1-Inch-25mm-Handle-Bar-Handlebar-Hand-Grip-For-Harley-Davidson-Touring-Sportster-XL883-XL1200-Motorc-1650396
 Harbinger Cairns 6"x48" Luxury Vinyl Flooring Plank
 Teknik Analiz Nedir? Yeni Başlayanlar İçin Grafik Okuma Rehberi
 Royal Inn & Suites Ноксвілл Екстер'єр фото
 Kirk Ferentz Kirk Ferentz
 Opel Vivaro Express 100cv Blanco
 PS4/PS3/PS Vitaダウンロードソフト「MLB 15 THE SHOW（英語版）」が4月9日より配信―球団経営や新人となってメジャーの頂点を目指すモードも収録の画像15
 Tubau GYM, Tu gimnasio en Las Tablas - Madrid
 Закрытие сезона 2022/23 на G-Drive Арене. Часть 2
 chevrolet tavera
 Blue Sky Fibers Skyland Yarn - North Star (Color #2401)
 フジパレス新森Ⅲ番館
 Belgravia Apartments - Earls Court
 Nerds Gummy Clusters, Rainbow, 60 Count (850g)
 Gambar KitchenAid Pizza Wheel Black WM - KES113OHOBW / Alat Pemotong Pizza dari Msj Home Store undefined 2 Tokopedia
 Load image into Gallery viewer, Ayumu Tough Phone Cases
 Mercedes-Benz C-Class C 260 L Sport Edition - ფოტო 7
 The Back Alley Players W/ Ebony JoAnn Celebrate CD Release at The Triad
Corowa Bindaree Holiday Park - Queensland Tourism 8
------------------------------------------------------------------------
### Task objective
Retype all of the material above. Do not alter a single word.

### Written solution
1-Inch-25mm-Handle-Bar-Handlebar-Hand-Grip-For-Harley-Davidson-Touring-Sportster-XL883-XL1200-Motorc-1650396
 Harbinger Cairns 6"x48" Luxury Vinyl Flooring Plank
 Teknik Analiz Nedir? Yeni Başlayanlar İçin Grafik Okuma Rehberi
 Royal Inn & Suites Ноксвілл Екстер'єр фото
 Kirk Ferentz Kirk Ferentz
 Opel Vivaro Express 100cv Blanco
 PS4/PS3/PS Vitaダウンロードソフト「MLB 15 THE SHOW（英語版）」が4月9日より配信―球団経営や新人となってメジャーの頂点を目指すモードも収録の画像15
 Tubau GYM, Tu gimnasio en Las Tablas - Madrid
 Закрытие сезона 2022/23 на G-Drive Арене. Часть 2
 chevrolet tavera
 Blue Sky Fibers Skyland Yarn - North Star (Color #2401)
 フジパレス新森Ⅲ番館
 Belgravia Apartments - Earls Court
 Nerds Gummy Clusters, Rainbow, 60 Count (850g)
 Gambar KitchenAid Pizza Wheel Black WM - KES113OHOBW / Alat Pemotong Pizza dari Msj Home Store undefined 2 Tokopedia
 Load image into Gallery viewer, Ayumu Tough Phone Cases
 Mercedes-Benz C-Class C 260 L Sport Edition - ფოტო 7
 The Back Alley Players W/ Ebony JoAnn Celebrate CD Release at The Triad
Corowa Bindaree Holiday Park - Queensland Tourism 8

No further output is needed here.